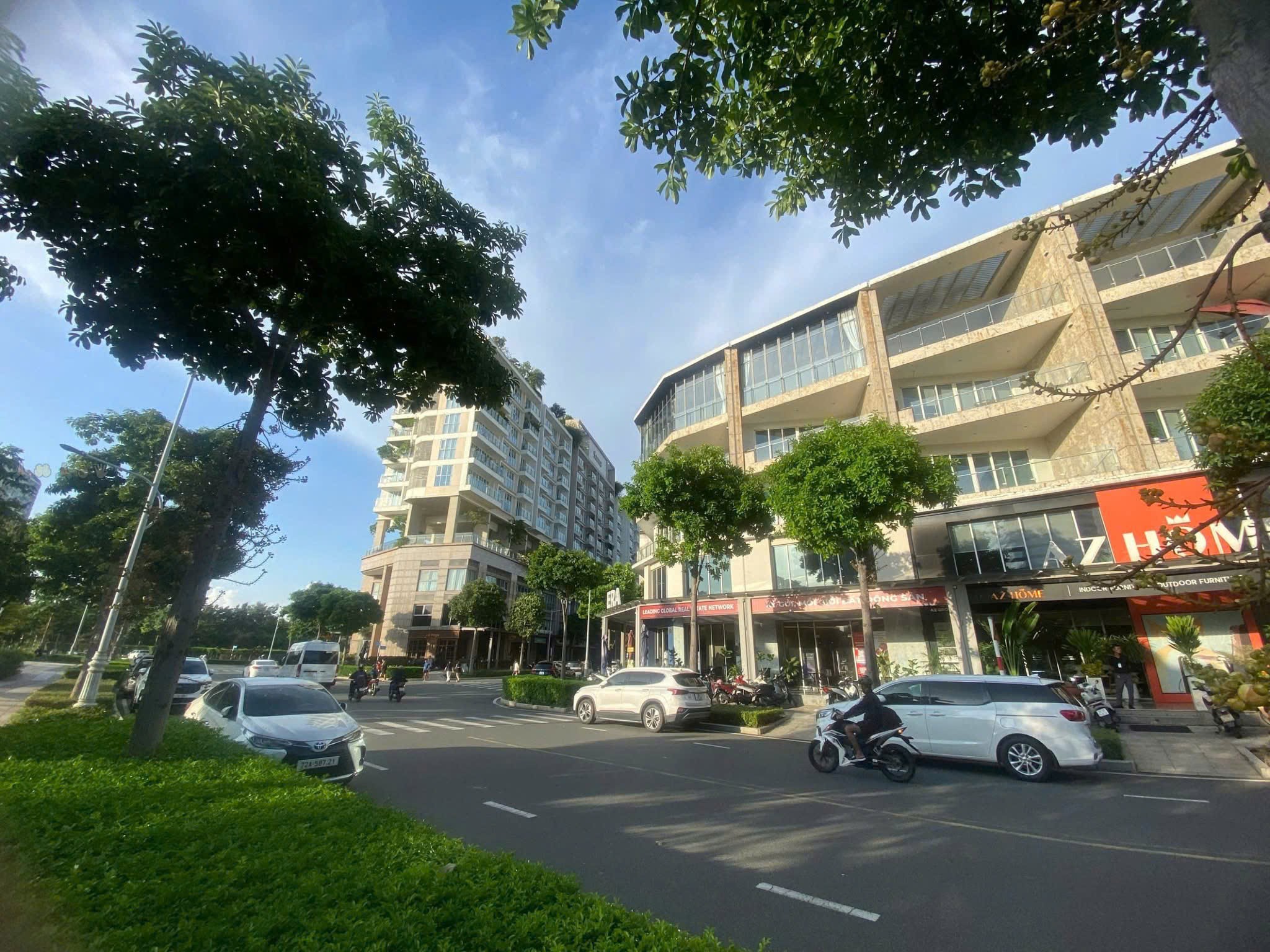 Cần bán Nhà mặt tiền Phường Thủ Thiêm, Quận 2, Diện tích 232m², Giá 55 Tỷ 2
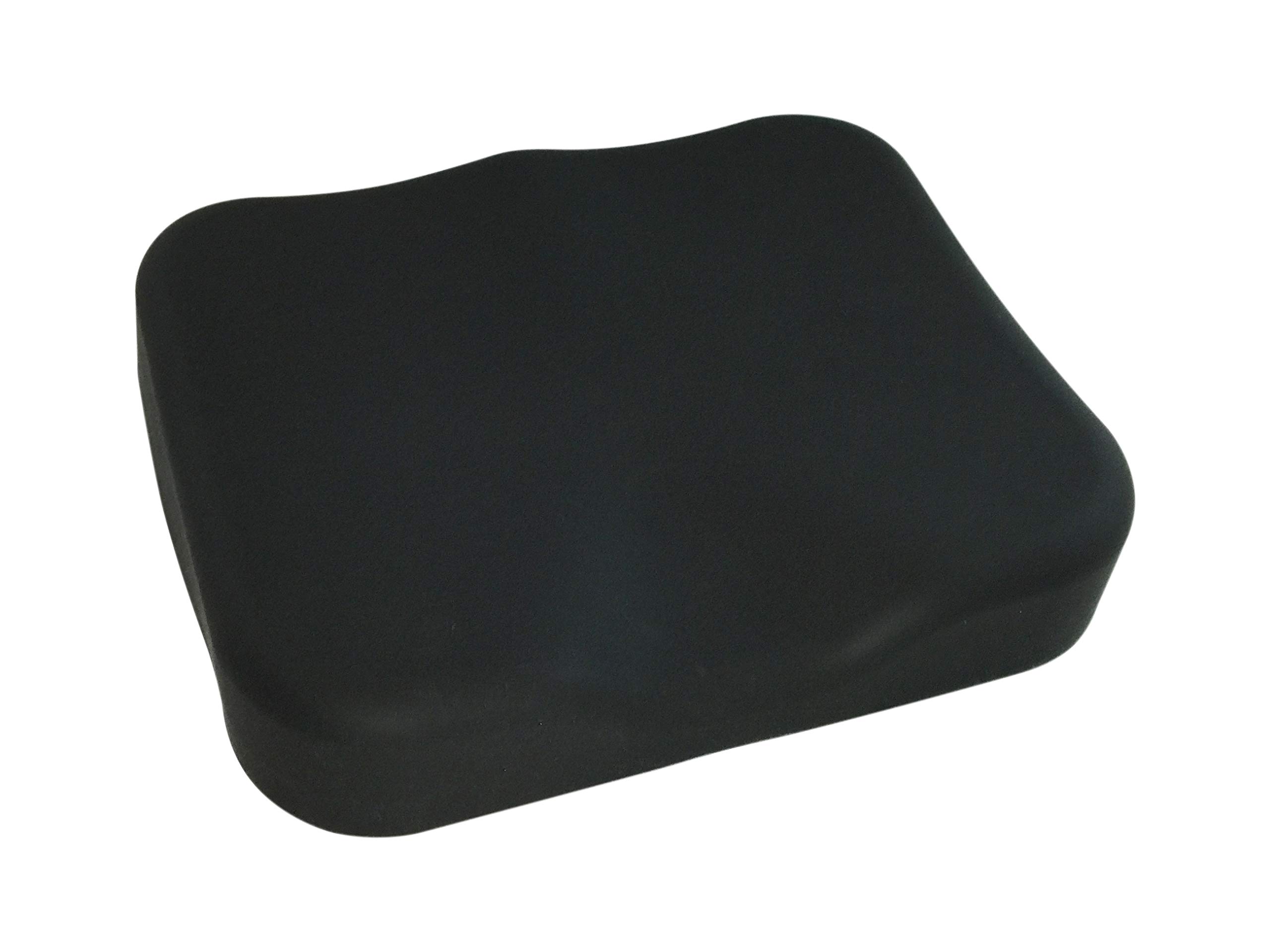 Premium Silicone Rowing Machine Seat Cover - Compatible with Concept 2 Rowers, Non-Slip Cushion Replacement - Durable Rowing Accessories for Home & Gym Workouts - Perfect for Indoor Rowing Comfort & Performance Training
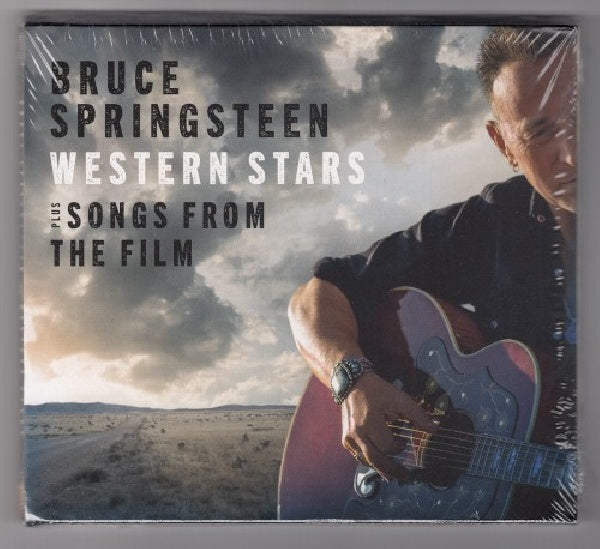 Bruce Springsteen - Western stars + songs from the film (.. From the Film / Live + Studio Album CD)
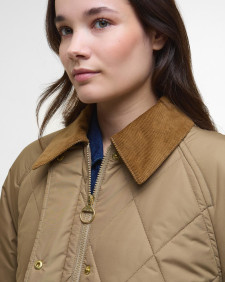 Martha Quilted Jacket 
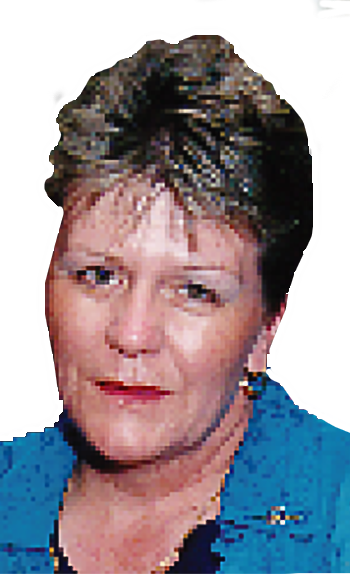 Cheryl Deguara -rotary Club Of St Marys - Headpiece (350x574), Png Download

━━━━━━

◆ What is expected: Exact reproduction is required. Output only the lines from the one with "Bruce Springsteen - Western" through the end of the listing above, both ends included, and no pictures.

◆ Answer space:
 Bruce Springsteen - Western stars + songs from the film (.. From the Film / Live + Studio Album CD)
 Martha Quilted Jacket 
 Cheryl Deguara -rotary Club Of St Marys - Headpiece (350x574), Png Download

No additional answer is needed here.